- [What is expected]:
Go through the following data and transcribe exactly the stretch of lines from the one holding "Teen friends gesturing" to the one holding "A man stabs", both included.

- [Data for the task]:

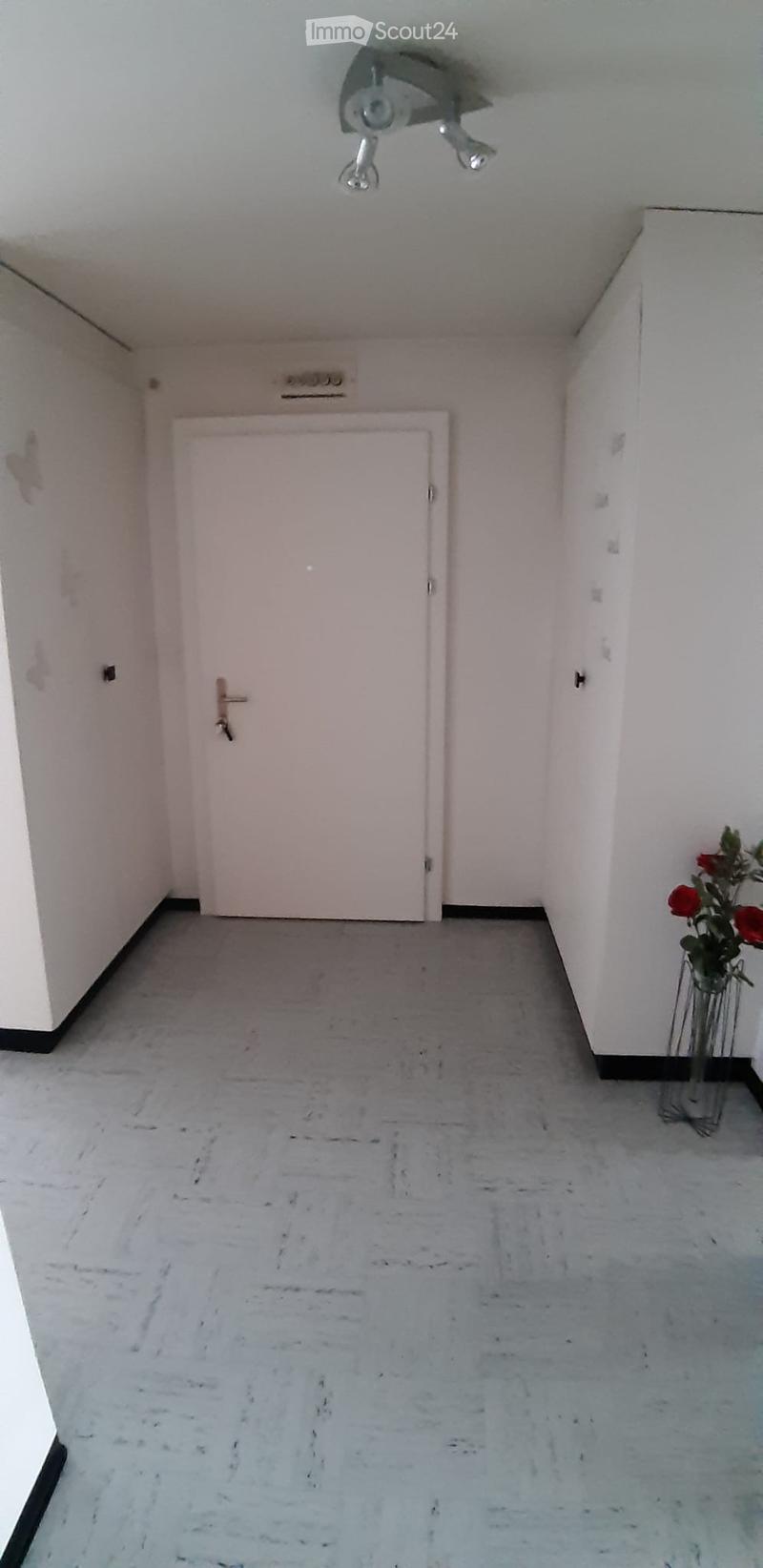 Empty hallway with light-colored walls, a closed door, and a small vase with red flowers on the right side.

==

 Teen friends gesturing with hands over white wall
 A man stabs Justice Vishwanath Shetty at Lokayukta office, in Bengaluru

- [The completed task]:
 Teen friends gesturing with hands over white wall
 A man stabs Justice Vishwanath Shetty at Lokayukta office, in Bengaluru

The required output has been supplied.